Stellenbosch Papers in Linguistics Plus (Dec 2010)
Motion events in Afrikaans : their expression by adult speakers and by children with and without language impairment
Abstract
Motion events occur frequently in everyday life as people and objects constantly change their relative location to one another. Although children's descriptions of motion events resemble those of adults in their own language group from very early on (Choi and Bowermann 1991), there is increasing evidence for subtle differences as well. Young children speaking different languages seem to have some difficulty in expressing two types of spatial information in the same conceptual frame (e.g. Ochsenbauer and Hickmann 2010). In English and other satellite-framed languages such as German and Afrikaans, this task involves using a complex particle verb construction in which a directional particle (e.g. out) combines with a prepositional phrase carrying further information about the source or goal of movement (e.g. some bees came out of the tree) (Berman and Slobin 1994:161). Little is known about the development of this type of structure in satellite-framed languages such as Afrikaans. This paper examined whether (i) there are developmental differences between adults and 6-year-old Afrikaans-speaking children in the production of preposition+verb particle structures, and whether (ii) children with language impairment produce these structures in a different way than typically developing children.
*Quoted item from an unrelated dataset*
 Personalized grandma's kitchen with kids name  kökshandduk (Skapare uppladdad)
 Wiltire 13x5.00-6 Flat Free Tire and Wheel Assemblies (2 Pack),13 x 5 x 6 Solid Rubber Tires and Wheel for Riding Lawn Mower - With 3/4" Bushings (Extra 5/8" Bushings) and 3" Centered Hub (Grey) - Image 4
Target elements were preposition+verb particle structures with the particles af 'down', in 'in', uit 'out' and op 'up'. The performance of ten adults was compared to that of 30 typically developing and three language-impaired 6-year-olds. Half of the participants in the adult and typically developing groups were speakers of Mainstream Afrikaans (MA), and half were speakers of Cape Afrikaans (CA), a non-mainstream dialect. Distinct developmental differences that could not be attributed to dialectal variation, were found between 6-year-olds and adults. Children with language impairment showed less variation in their responses than their typically developing peers. Possible explanations for the findings are discussed.